** Opening PROVIDED ENTRIES block **

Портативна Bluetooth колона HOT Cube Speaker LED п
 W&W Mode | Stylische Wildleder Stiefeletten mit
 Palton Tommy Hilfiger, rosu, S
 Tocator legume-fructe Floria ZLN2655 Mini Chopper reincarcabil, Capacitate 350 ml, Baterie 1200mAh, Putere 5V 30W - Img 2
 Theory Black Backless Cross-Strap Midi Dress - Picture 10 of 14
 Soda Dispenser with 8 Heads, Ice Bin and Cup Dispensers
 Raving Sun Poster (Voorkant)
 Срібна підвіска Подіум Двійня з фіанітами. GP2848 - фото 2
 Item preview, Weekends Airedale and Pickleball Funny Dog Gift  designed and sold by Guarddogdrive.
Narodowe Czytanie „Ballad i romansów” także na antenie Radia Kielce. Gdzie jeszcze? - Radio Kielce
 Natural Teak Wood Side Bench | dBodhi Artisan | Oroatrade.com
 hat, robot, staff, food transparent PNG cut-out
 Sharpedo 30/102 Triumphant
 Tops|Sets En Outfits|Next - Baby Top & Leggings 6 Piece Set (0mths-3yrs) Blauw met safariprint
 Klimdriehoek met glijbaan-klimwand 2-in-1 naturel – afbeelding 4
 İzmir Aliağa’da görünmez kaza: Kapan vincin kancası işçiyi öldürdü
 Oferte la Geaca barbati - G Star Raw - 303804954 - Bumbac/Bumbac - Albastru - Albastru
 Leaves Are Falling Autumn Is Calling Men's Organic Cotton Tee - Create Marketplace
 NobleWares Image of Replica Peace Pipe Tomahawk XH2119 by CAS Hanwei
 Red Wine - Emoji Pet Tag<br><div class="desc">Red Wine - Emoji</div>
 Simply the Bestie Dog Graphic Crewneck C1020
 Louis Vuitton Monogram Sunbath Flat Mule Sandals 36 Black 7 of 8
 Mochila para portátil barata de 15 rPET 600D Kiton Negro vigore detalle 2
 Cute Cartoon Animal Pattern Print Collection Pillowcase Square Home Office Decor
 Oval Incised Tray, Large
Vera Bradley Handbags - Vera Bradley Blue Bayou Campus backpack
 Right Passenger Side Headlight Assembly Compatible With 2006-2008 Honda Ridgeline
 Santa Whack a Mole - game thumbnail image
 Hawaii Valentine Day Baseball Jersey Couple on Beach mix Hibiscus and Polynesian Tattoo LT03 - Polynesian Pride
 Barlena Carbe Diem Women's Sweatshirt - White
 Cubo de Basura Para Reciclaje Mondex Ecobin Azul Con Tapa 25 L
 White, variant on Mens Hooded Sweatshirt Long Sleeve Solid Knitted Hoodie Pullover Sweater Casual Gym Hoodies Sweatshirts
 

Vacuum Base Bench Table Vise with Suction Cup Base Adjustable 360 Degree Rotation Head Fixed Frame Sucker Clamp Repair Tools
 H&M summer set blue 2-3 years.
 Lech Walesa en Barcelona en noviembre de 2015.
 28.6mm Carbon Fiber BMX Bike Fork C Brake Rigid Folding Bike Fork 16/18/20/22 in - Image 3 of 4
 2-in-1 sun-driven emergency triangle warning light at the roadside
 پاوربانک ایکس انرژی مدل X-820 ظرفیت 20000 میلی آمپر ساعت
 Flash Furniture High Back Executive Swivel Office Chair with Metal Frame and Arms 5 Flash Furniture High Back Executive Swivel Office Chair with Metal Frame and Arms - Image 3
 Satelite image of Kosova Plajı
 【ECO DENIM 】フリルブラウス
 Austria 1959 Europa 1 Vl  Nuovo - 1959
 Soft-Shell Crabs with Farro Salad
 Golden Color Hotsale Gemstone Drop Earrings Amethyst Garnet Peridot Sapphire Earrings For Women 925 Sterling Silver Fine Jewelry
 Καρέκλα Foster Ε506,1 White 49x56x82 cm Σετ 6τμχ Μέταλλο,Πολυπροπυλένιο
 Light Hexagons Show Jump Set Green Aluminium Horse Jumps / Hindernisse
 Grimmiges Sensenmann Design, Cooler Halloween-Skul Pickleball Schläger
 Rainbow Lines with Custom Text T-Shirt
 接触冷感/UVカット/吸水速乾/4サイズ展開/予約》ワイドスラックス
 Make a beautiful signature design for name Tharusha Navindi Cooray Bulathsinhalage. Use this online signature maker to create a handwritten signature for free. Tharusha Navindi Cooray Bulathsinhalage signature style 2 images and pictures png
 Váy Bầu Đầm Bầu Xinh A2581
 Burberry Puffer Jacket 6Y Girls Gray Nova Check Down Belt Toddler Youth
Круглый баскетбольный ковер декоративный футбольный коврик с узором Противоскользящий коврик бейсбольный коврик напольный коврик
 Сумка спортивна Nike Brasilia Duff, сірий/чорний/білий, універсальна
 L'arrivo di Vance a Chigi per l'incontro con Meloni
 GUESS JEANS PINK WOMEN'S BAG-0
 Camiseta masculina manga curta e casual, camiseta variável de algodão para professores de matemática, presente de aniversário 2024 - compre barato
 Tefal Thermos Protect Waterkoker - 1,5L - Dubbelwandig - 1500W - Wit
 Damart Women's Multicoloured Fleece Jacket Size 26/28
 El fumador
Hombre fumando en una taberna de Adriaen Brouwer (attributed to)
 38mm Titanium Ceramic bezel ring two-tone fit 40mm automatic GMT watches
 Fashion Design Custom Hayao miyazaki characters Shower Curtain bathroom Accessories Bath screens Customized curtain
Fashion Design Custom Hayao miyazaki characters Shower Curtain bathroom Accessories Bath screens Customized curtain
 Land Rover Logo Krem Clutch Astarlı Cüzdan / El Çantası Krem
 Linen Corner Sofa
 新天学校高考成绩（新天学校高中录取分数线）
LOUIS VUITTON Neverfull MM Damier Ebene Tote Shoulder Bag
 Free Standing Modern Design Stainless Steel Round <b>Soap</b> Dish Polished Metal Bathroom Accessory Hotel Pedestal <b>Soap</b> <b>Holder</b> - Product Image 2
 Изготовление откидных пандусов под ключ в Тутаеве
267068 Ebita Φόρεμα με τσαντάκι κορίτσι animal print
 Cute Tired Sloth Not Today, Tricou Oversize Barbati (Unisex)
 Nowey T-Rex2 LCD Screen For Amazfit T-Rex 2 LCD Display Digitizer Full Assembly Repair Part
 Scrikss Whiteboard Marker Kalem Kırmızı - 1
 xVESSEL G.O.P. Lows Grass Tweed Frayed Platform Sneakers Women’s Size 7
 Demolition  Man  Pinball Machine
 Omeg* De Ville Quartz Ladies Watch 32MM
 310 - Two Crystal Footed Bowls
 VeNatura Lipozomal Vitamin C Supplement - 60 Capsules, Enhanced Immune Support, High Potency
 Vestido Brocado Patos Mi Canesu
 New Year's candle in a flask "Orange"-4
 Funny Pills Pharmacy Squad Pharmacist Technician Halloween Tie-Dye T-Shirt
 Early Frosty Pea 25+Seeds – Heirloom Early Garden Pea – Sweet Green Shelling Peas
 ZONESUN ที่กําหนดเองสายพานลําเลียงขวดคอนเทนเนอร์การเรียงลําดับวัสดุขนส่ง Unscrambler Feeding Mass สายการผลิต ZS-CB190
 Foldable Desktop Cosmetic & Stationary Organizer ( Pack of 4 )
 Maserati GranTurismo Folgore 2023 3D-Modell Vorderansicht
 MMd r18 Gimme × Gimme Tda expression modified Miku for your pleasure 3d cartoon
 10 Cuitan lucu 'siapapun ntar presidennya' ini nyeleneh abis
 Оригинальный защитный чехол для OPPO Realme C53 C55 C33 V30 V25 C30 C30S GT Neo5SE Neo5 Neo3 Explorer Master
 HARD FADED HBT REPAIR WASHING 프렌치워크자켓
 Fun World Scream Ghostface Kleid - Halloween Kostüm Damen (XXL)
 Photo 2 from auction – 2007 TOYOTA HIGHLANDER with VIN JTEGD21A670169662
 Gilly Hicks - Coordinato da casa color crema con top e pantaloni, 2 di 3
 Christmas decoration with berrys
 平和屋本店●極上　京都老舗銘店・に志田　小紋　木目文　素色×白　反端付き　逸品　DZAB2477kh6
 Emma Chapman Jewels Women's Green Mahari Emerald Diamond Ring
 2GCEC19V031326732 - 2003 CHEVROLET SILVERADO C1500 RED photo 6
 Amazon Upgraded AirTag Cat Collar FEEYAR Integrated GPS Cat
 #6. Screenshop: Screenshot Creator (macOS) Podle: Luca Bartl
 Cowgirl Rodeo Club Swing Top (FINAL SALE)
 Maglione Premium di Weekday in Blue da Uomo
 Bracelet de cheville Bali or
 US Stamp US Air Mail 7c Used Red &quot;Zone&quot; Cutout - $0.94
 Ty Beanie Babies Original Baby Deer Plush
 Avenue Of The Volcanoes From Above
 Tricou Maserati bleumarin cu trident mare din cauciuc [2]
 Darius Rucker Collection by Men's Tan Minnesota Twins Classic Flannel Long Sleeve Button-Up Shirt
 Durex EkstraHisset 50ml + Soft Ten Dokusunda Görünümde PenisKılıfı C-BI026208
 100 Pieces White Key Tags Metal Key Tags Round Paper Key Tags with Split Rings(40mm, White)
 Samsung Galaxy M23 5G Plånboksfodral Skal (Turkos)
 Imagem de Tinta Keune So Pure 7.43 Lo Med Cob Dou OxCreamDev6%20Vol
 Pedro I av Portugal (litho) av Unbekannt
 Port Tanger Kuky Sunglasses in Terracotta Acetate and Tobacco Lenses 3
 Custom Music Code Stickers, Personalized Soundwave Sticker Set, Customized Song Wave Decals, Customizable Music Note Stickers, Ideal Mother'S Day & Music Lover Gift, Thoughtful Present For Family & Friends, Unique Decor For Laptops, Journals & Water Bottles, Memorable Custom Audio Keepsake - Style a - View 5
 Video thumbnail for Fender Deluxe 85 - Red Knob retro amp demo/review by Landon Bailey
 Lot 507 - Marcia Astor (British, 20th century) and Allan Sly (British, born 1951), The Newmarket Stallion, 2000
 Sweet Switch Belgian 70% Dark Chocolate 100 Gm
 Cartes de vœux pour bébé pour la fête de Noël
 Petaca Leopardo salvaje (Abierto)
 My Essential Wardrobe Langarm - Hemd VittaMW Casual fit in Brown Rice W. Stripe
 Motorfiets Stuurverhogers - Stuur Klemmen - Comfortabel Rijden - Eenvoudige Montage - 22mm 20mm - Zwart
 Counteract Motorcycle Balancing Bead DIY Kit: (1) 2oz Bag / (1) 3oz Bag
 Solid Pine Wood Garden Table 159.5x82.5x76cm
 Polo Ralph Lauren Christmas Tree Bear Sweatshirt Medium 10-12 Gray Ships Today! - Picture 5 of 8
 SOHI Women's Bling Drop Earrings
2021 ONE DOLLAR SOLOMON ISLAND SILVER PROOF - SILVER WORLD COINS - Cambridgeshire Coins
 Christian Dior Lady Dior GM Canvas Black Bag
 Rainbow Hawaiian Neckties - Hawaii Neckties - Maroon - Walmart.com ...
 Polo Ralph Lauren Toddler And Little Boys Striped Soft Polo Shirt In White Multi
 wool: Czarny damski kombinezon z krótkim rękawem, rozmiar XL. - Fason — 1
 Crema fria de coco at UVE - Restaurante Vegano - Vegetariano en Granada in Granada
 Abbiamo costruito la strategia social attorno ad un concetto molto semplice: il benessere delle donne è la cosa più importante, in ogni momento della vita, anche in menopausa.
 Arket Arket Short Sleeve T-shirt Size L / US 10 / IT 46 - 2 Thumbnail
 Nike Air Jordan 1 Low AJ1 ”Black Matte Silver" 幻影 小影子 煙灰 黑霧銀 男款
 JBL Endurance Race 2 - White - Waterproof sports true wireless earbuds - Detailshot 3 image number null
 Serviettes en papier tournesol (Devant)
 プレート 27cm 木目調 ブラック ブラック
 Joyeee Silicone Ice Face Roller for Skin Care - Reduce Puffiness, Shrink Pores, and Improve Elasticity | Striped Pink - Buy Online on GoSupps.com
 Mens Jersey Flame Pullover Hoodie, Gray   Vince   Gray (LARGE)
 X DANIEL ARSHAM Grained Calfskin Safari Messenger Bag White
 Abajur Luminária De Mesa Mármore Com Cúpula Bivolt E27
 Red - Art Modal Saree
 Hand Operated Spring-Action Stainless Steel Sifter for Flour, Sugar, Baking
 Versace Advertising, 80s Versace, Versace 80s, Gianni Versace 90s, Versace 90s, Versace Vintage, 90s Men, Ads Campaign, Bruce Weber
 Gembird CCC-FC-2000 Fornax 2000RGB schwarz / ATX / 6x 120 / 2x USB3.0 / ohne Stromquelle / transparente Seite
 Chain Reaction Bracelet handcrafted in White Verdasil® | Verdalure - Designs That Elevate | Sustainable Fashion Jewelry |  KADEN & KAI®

** Closing PROVIDED ENTRIES block **

ACTIVITY
Among the records above, which lines hold the word "characters"? Copy each one.

TASK ANSWER
 Fashion Design Custom Hayao miyazaki characters Shower Curtain bathroom Accessories Bath screens Customized curtain
Fashion Design Custom Hayao miyazaki characters Shower Curtain bathroom Accessories Bath screens Customized curtain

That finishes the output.